Solicitors for the Respondent: Messrs Marshall Marks Kennedy

ORDER

The Court orders that the application made in the respondent's notice of motion be refused with costs.

Note: Settlement and entry of orders is dealt with in Order 36 of the Federal Court Rules.

JUDGE1

In a notice of motion filed on 30 May 1991, the respondent seeks an order, pursuant to s. 1335 of the Corporations Law, requiring the applicant to give further security for costs. This motion is a fresh step in what has become a procession of applications. Following the institution of the principal proceedings on 10 May 1990, the respondent, at the earliest convenient date, notified the applicant and the court that it sought an order for security for costs. What then occurred is recited by Beaumont J. in his reasons given in a later application to which I shall refer. It is sufficient here to recount that an order for security was made on 28 June 1990, after the submission of short minutes providing for the court to note the agreement of the parties that the applicant would provide security for costs. The short minutes did not, in accordance with a practice which is sometimes followed, contain any indication that the agreed amount of security had been assessed in respect of anything less than the entire course of the action, so far as it could then be foreseen. The order made by the court was likewise unqualified. It was complied with, and the matter proceeded.

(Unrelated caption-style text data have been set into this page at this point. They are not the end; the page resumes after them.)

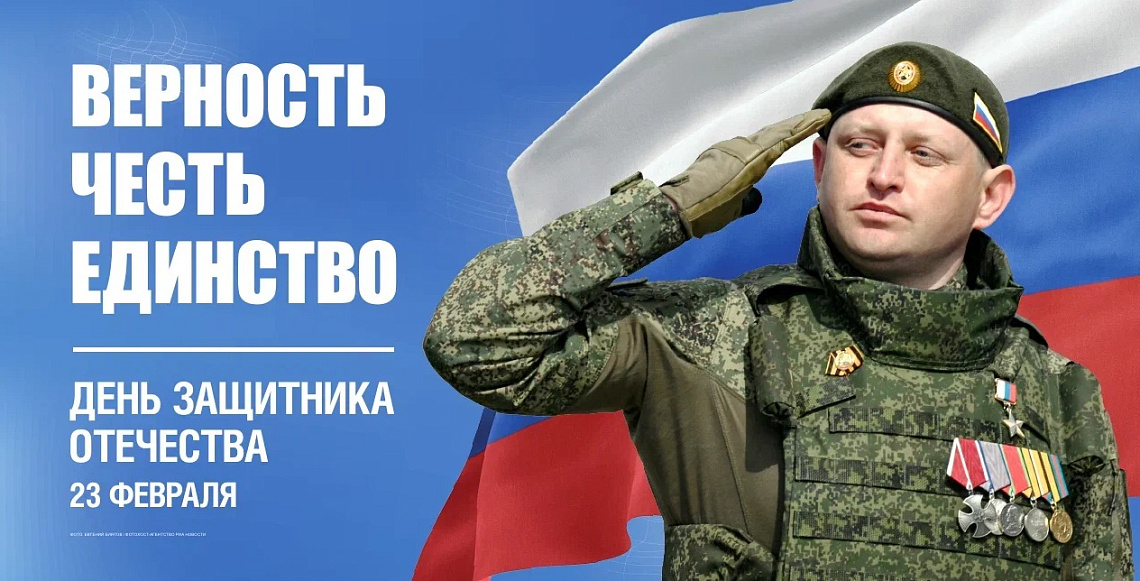 ПОЗДРАВЛЕНИЕ КОЛЛЕГ С ДНЕМ ЗАЩИТНИКА ОТЧЕСТВА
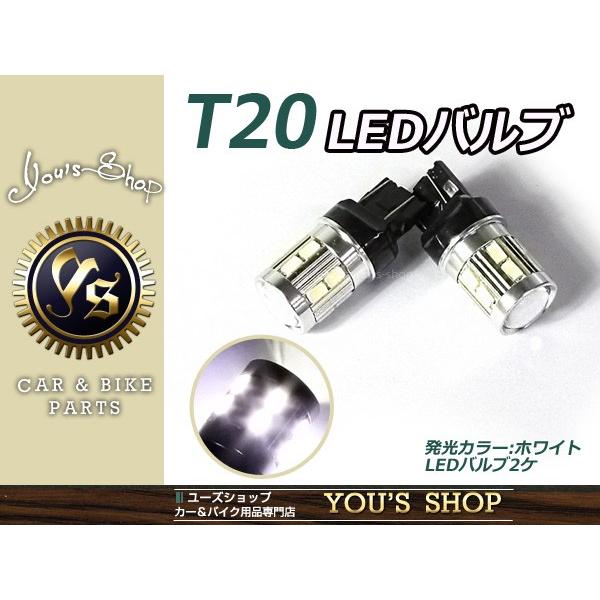 16系アリスト CREE 17W T20 LEDプロジェクター バックランプ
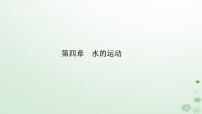 高中地理第四章 水的運動第三節(jié) ?！獨庀嗷プ饔媒陶nppt課件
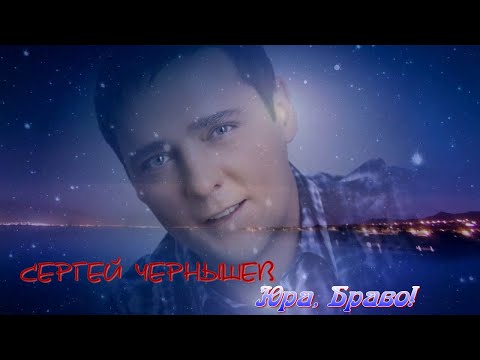 Сергей Чернышев  (ДНР) - Юра, браво! (Old TV version)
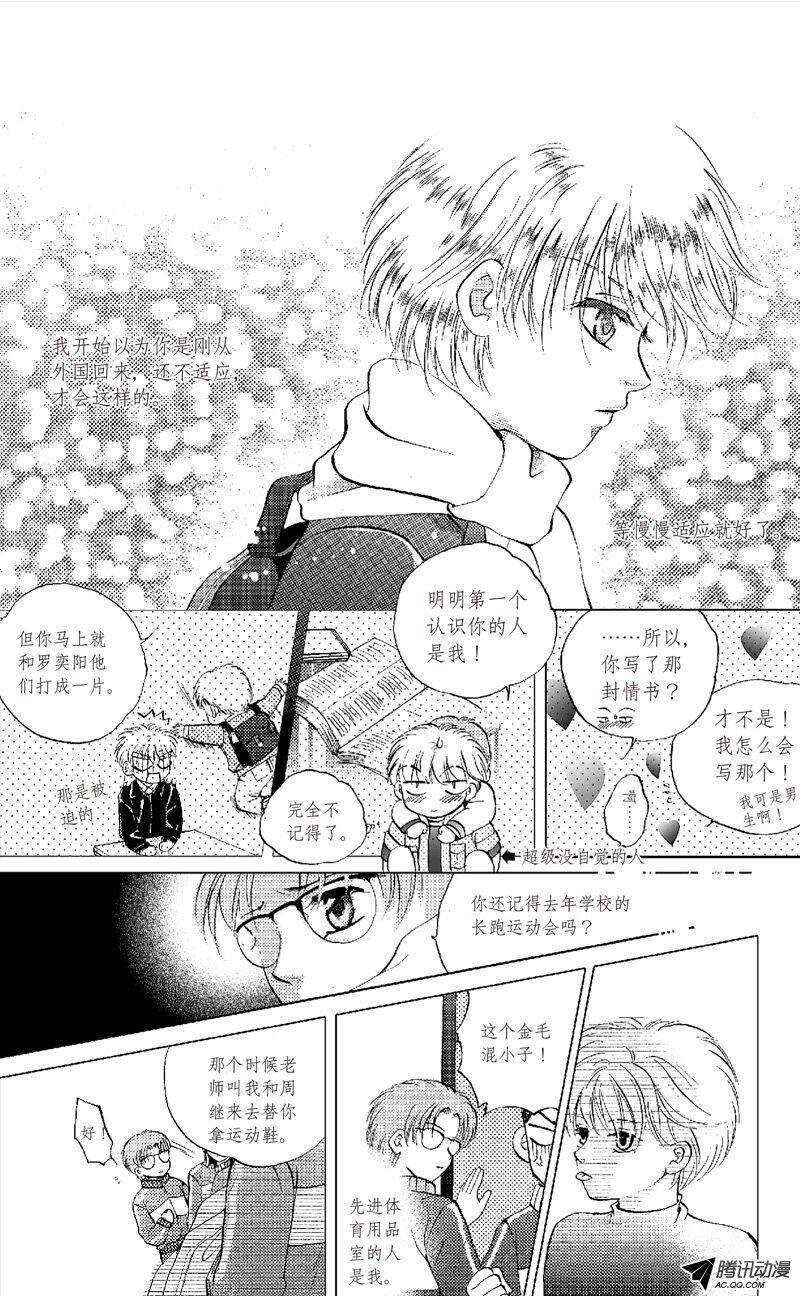 第17回 下-第37话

  1. In March 1991, when the principal proceedings had been set down for a hearing then estimated to take three days commencing on 5 April 1991, an application for further security for costs came before Beaumont J. His Honour refused that application with costs, for reasons which he published on 22 March 1991. In those reasons, Beaumont J. stated:

"The present application is one not merely for security, but for further security against the background of an earlier agreement on the amount of the security to be provided in respect of the whole proceedings."

  1. On 5 April 1991, the hearing of the principal proceeding commenced before me. Unfortunately, a witness suffered a collapse just before lunchtime, so that the hearing could not immediately proceed, and the matter was stood over to recommence on 19 August 1991, when five days were expected to be available.

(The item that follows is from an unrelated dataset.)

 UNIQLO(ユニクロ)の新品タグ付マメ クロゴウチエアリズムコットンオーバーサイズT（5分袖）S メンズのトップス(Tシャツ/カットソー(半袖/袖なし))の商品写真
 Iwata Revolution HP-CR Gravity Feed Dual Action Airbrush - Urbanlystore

  2. On 30 April 1991, there came before me an application, made out of time, for leave to appeal under s. 24(1A) of the Federal Court of Australia Act 1976 in relation to the decision, on the application for further security, which had been made by Beaumont J. I made an order refusing leave with costs.

  3. What the respondent now brings is a fresh motion, in which it contends that the situation has changed since the amount of security was fixed, and also since the decision given by Beaumont J. on 22 March. It is said, whereas the hearing had been anticipated to last three days, it is now common ground that it will probably last five days on top of the part of a day which it has already taken. The argument was put, on behalf of the respondent, as if it were unquestioned fact that the original fixing of an appropriate amount for security for costs was done on the basis the duration of the hearing would be three days. The evidence did not bear out this assumption. The estimate of three days was made at the much later date when the matter was fixed for hearing. It does not follow that the case was thought to be likely to finish so quickly when the security was fixed. At that time, the applicant's case stood pleaded as based on ss. 47, 52, 53(f) and 53(g) of the Trade Practices Act, 1974. There was then no cross-claim. But by the time the matter came before Beaumont J. in March, there had been communications between the parties as a result of which it was to be expected the s. 47 claim would not be pursued. In fact, it was subsequently abandoned. The holding of a view, in March, that the case would be likely to take three days by no means leads to the conclusion that, at an earlier date, the parties were so ill-advised as to think a s. 47 claim could probably be dealt with in such a short time. By March, that claim was about to be abandoned, although it remained on foot.

  4. In fact, since the making of the original order for security, the complexity of the matter has been reduced considerably by the deletion of the s. 47 claim, but on the other hand, a cross-claim has been added which (despite the submission of the respondent to the contrary) would be likely to account for part of the present estimate of the time required for the hearing, while it would not, upon ordinary principles, be a matter calling for any increase in the security.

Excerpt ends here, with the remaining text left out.